WHAT IS NEEDED
Pictures are to be left out; every line from the one with "Authors and original" through the end of the data must be transcribed exactly.

PROVIDED DATA
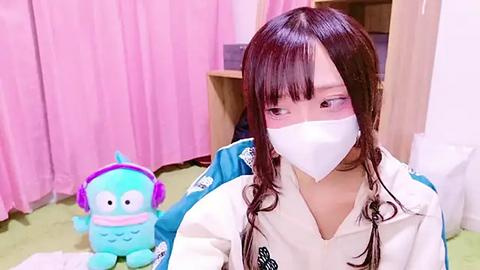 Media: Video of an Asian woman with long brown hair, wearing a white face mask, blue jacket, and pink headphones, sitting on a green carpet, next to a blue, cartoonish stuffed toy, in a pink-draped room.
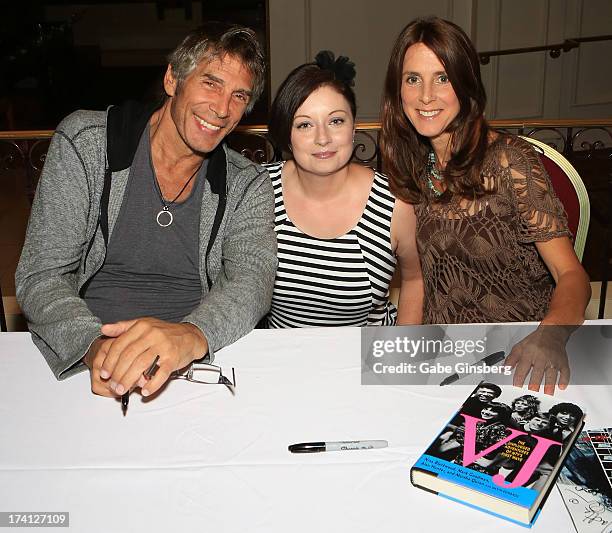 Authors and original MTV VJs Mark Goodman and Martha Quinn pose with a fan, Regina Hershberger of Ohio, at the signing of their new book "VJ: The...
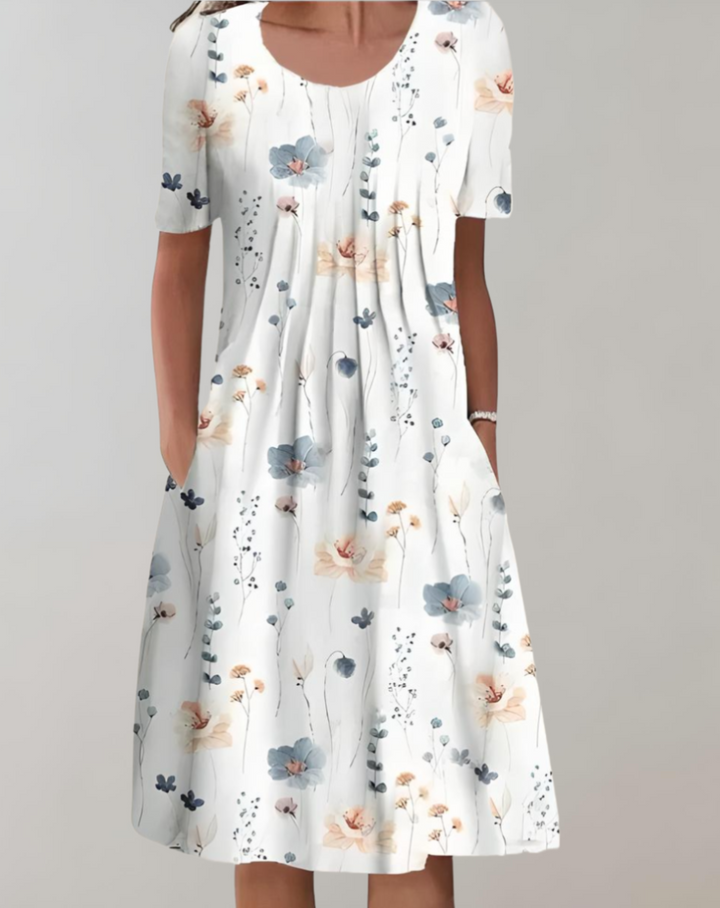 Stylish women's summer floral midi dress featuring short sleeves & functional pockets for a chic, casual look.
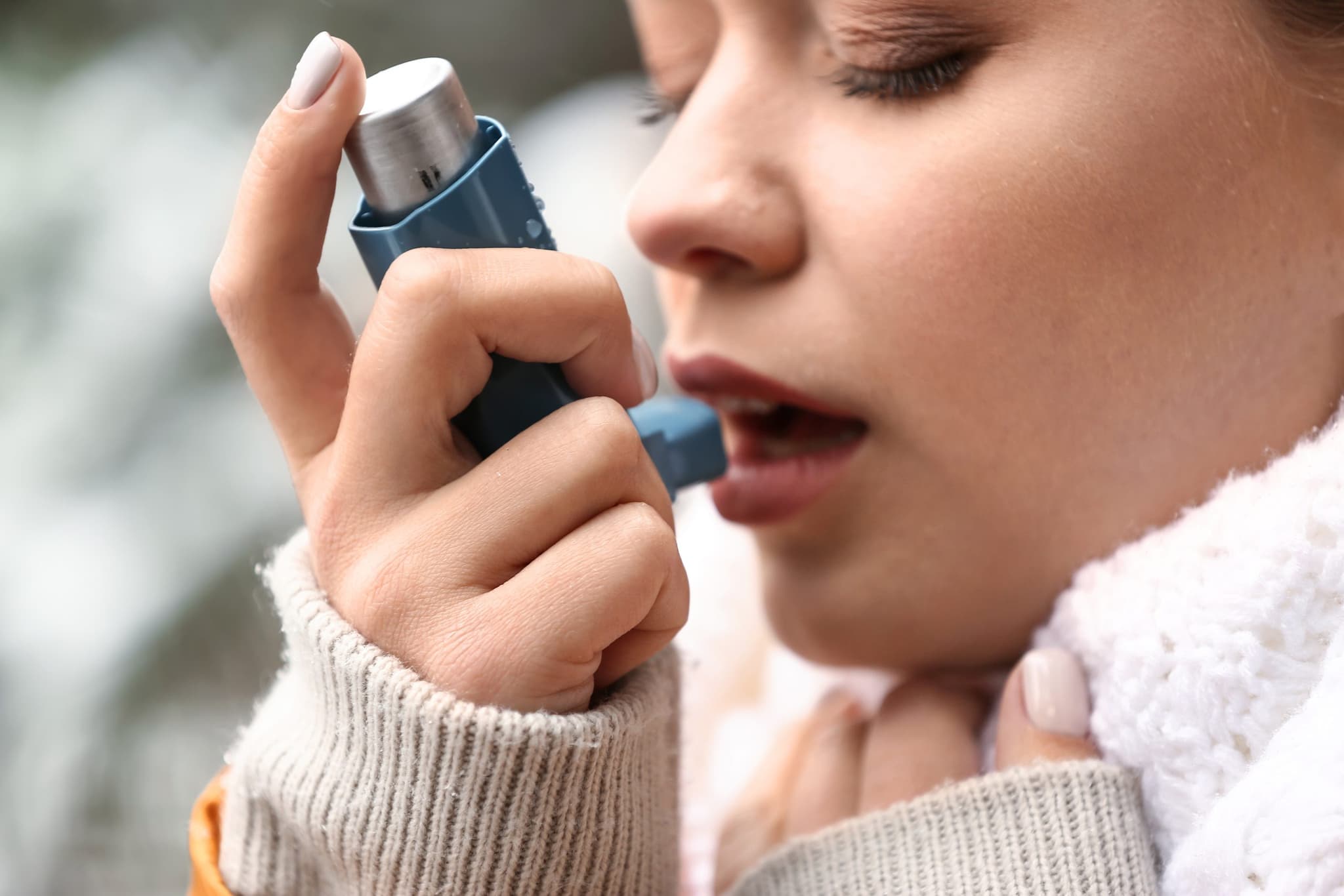 Young woman with inhaler having asthma attack outdoors, closeup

OUTPUT FOR THIS TASK
 Authors and original MTV VJs Mark Goodman and Martha Quinn pose with a fan, Regina Hershberger of Ohio, at the signing of their new book "VJ: The...
 Stylish women's summer floral midi dress featuring short sleeves & functional pockets for a chic, casual look.
 Young woman with inhaler having asthma attack outdoors, closeup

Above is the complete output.